As San Jose’s power needs increase with electrification and climate change solutions, the city will explore creating its own power utility.
The San Jose City Council on Tuesday unanimously approved the creation of San Jose Power, a city-run electric utility touted as a once-in-a-generation opportunity to provide power at lower rates and bring in more competitive development.
But city leaders say the creation of San Jose Power is purely in an exploratory phase, and will still need years of research to determine if a publicly owned and operated power utility is worth the investment. The city’s initial early study estimates 15% to 25% cost savings on electricity.
“Today’s vote is really only about studying the potential for offering a second option for delivery of power to new developments,” Councilmember David Cohen said at the meeting.
While opponents say establishing a public utility is premature with no clear outlined plans on cost or who would be served, proponents say it could provide cost savings and incentivize new large developments to come to San Jose—including data centers to further support big tech companies.
“Santa Clara has been the hub for data centers,” Cohen said. “One of the reasons for that is their municipal utility.”
In California, 25% of residents are already served by publicly-owned utilities. Locally, Santa Clara and Palo Alto have their own electric utilities. Data from the California Municipal Utilities Association shows non-residential rates with Silicon Valley Power, Santa Clara’s public utility, are over 30% lower than rates with investor-owned utilities like Pacific Gas and Electric. Residential rates with Silicon Valley Power are nearly 50% lower, data shows.
A public utility would capitalize on two high voltage power lines to run through San Jose by 2028. California Independent System Operator is the state-chartered nonprofit that manages the wholesale electricity market for 80% of California, and is the organization that has approved and funded the new power lines.
City Attorney Nora Frimann said creating San Jose Power is not “imperative” to submitting an application to use the new high voltage power lines, but it would certainly help.
“If we try to make the application and we don’t have the utility established … there may be an effort to undercut that application,” Frimann said.

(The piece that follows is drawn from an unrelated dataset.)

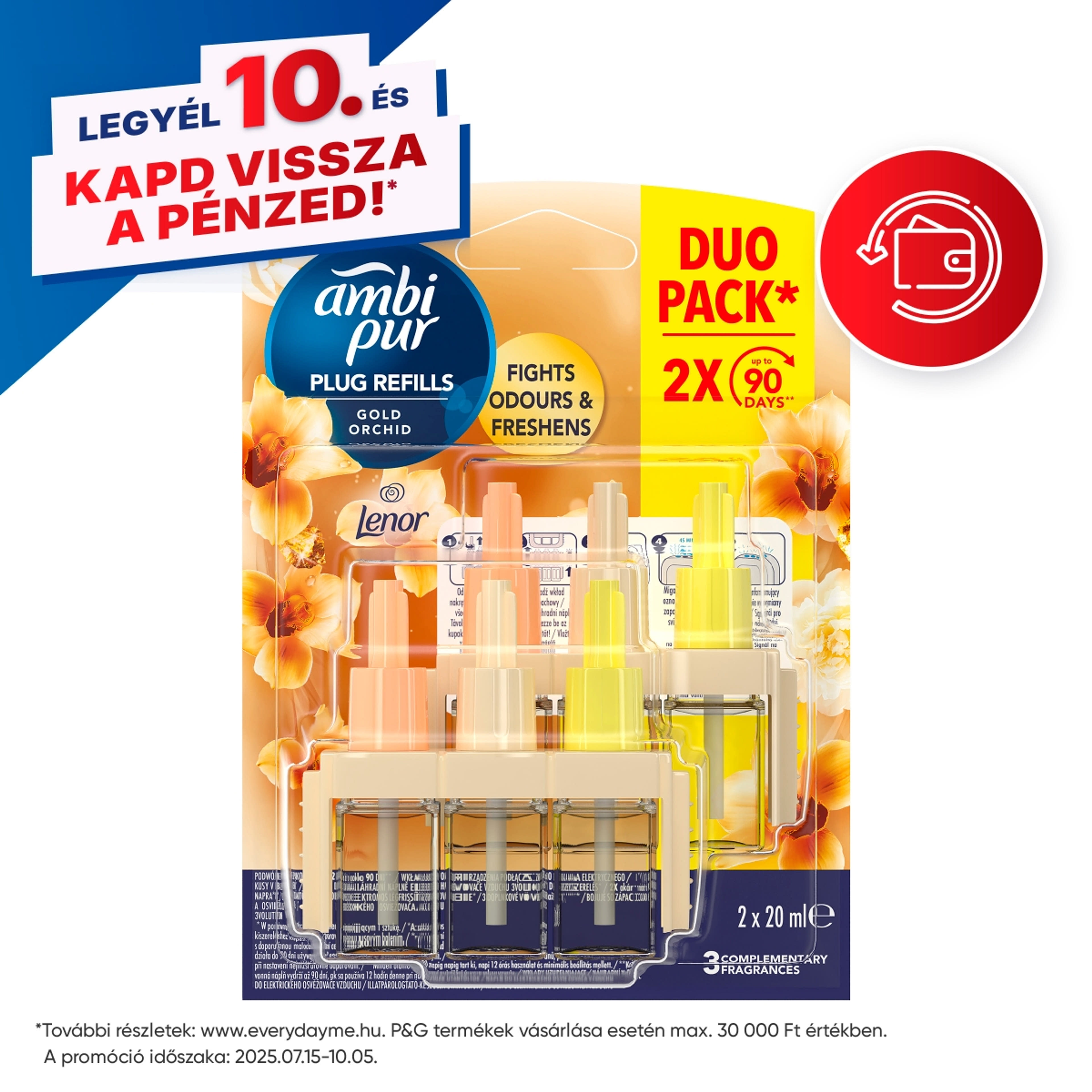 Ambi Pur 3Volution Gold Orchid elektromos légfrissítő utántöltő (2x20) - 40 ml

The idea of forming a San Jose-owned public utility first came about during former Mayor Sam Liccardo’s term amid conversations with Google. His other plan to create a cooperative, customer-owned utility in place of PG&E in Northern California fell short when the city had been struggling with rolling blackouts and leaders were looking for alternative solutions.
Nanci Klein, San Jose’s economic development director, previously told San José Spotlight this is not a utility residents will be selecting instead of PG&E or San Jose Clean Energy. It would instead be an option for new development and to bolster key infrastructure sites like the San Jose Mineta International Airport and Diridon Station substations, which she said are in need of power, rebuilding and expansion.

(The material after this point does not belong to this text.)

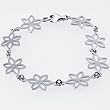 Sterling Flat Flower Link Bracelet - 7.5 Inches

Tim McRae, senior vice president at Silicon Valley Leadership Group, said there’s no clear proposal for what area the public utility would cover, or how businesses inside and outside the area of service would fare.
“You’re basically being asked, ‘Change the municipal code, we’re not sure why yet,” McRae told council. “I know there’s a level of frustration with PG&E … You don’t just wave a magic wand and have a functional municipal utility with cheaper costs and no interconnection backlog.”

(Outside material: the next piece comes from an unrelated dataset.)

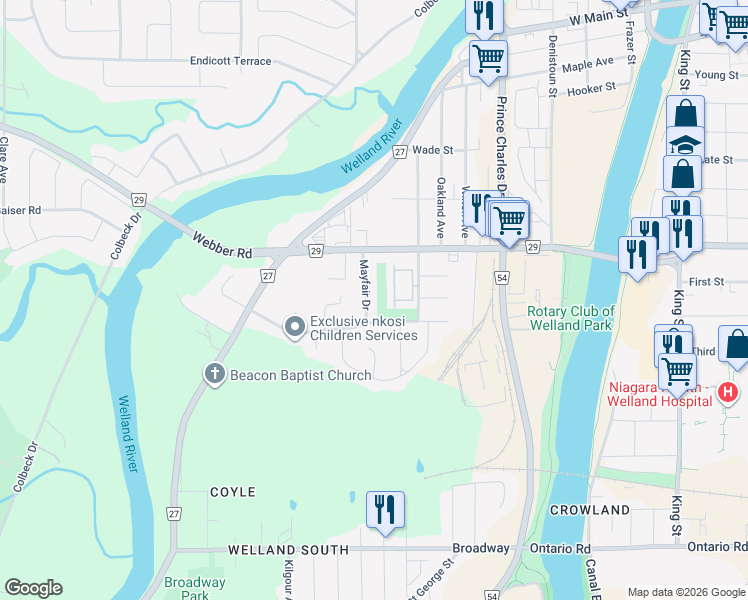 map of restaurants, bars, coffee shops, grocery stores, and more near 36 Mayfair Drive in Welland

PG&E has shifted its backlog for new loads to the electric grid to prioritize safety-related wildfire resistance projects. The backlog for new projects is as much as seven years, according to a city memo.
State Sen. Josh Becker’s recently passed SB 410 is expected to speed up PG&E’s backlog, but Klein said Tuesday that PG&E has been upfront that there’s “no quick fix.”
PG&E executive Teresa Alvarado—a former Santa Clara County Board of Supervisors candidate and founder of the Latina Coalition of Silicon Valley—said Santa Clara and Palo Alto both have an obligation to serve all customers within city limits, and that’s not yet what San Jose is proposing. It’s unclear at this stage whether San Jose taxpayers will have to foot the bill for building out a municipal utility with plans to serve a small portion of the city.
“San Jose is instead proposing to create a two-tiered energy system where the municipal utility will only serve certain very large retail customers in select areas,” Alvarado said. “There’s no way to contain costs to only those large new customers who would benefit.”
The council won’t make its first major financial decision on San Jose Power until 2025. The earliest a customer could start receiving power from the municipal utility would be 2028, according to the city.